EXERCISE DIRECTIONS = Return the following data exactly, with all pictures left out.

Data extracted from a collection
- - -
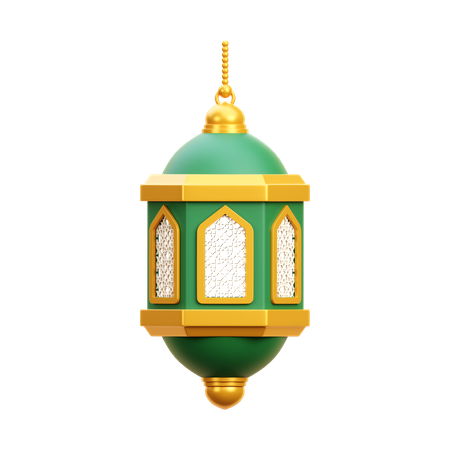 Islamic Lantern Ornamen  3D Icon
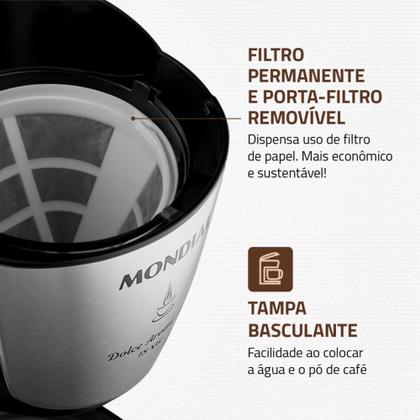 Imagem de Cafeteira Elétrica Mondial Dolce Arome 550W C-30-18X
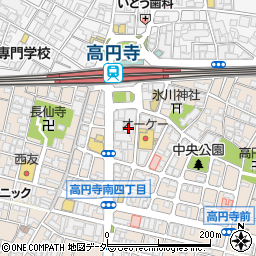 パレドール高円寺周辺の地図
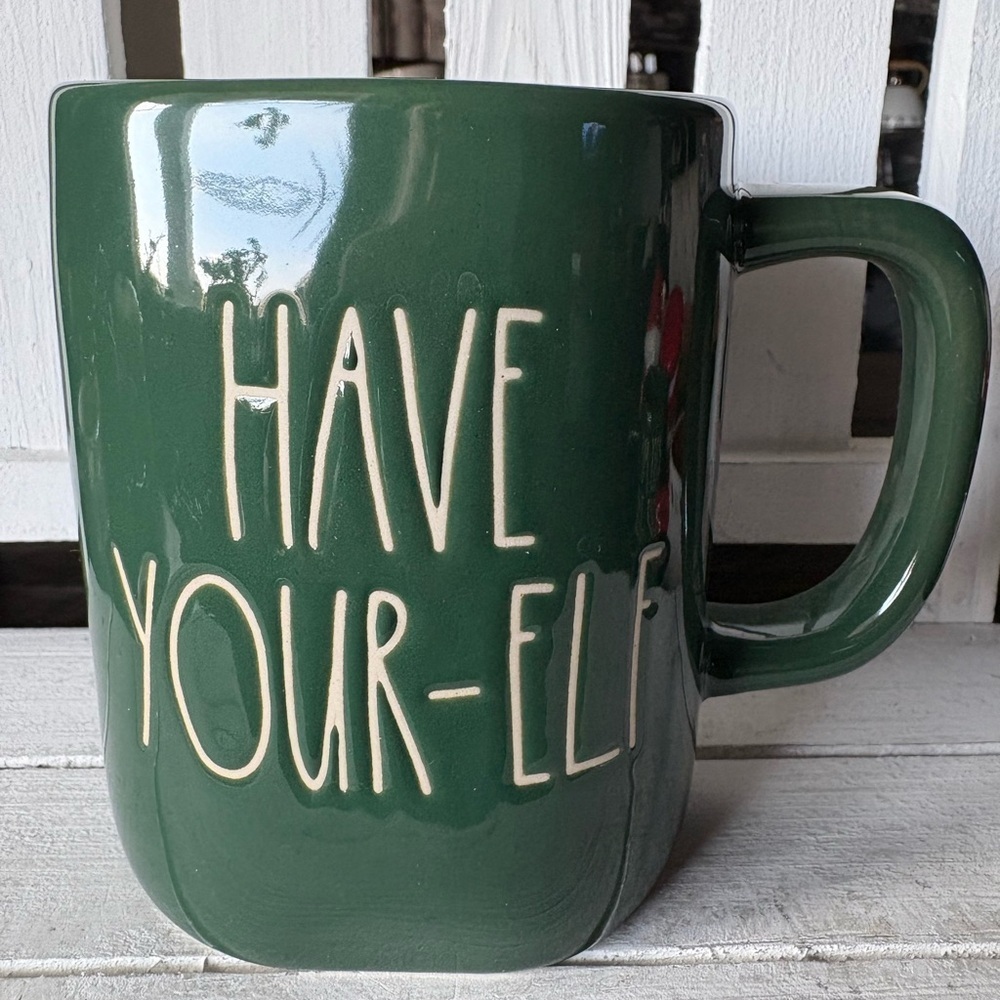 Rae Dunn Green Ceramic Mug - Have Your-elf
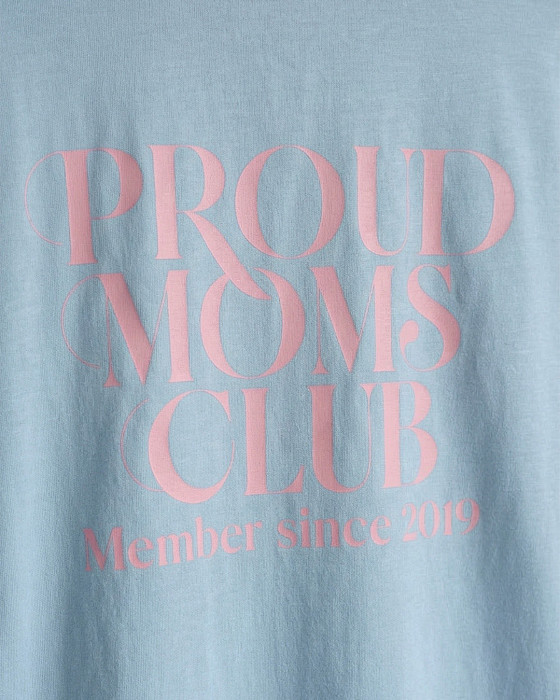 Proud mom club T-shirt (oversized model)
- - -
EXPECTED ANSWER =
 Islamic Lantern Ornamen  3D Icon
 Imagem de Cafeteira Elétrica Mondial Dolce Arome 550W C-30-18X
 パレドール高円寺周辺の地図
 Rae Dunn Green Ceramic Mug - Have Your-elf
 Proud mom club T-shirt (oversized model)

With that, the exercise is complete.